[EXTRACTED ENTRIES]:
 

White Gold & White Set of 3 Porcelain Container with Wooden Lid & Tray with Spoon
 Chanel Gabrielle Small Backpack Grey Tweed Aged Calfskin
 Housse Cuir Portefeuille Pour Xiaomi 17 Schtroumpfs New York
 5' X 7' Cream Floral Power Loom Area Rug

==

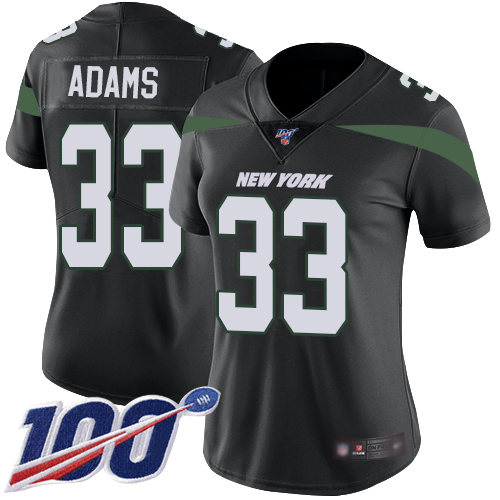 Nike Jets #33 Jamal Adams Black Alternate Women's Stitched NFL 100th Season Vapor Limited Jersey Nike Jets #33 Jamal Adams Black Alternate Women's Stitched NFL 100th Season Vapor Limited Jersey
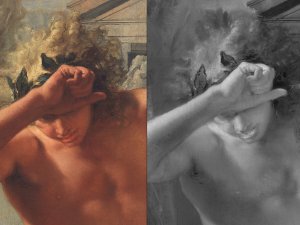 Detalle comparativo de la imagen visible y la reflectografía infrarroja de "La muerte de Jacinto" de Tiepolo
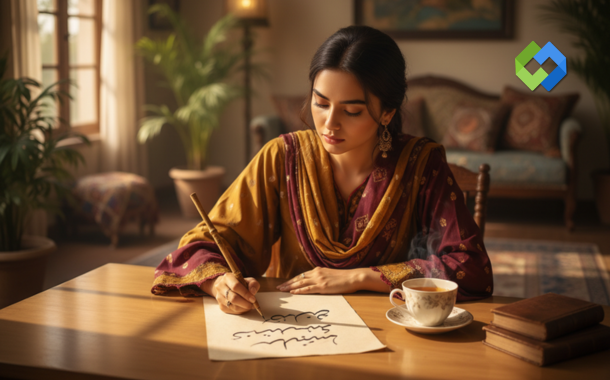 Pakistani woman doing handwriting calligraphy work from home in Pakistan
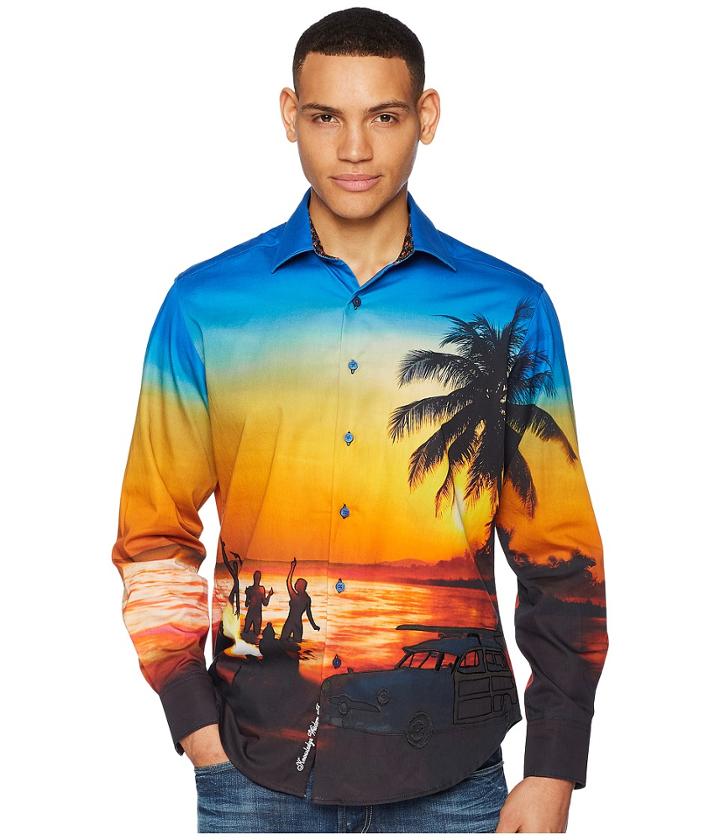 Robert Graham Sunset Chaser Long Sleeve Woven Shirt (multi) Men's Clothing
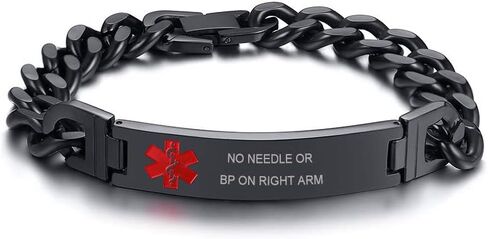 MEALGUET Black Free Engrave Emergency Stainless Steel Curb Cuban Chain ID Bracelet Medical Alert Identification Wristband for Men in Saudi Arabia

[WHAT IS NEEDED]:
Set down, from the entries above, exactly the lines from the one with "Chanel Gabrielle Small" up to and including the one with "5' X 7' Cream Floral Power Loom Area Rug", and no other lines.

[EXPECTED ANSWER]:
 Chanel Gabrielle Small Backpack Grey Tweed Aged Calfskin
 Housse Cuir Portefeuille Pour Xiaomi 17 Schtroumpfs New York
 5' X 7' Cream Floral Power Loom Area Rug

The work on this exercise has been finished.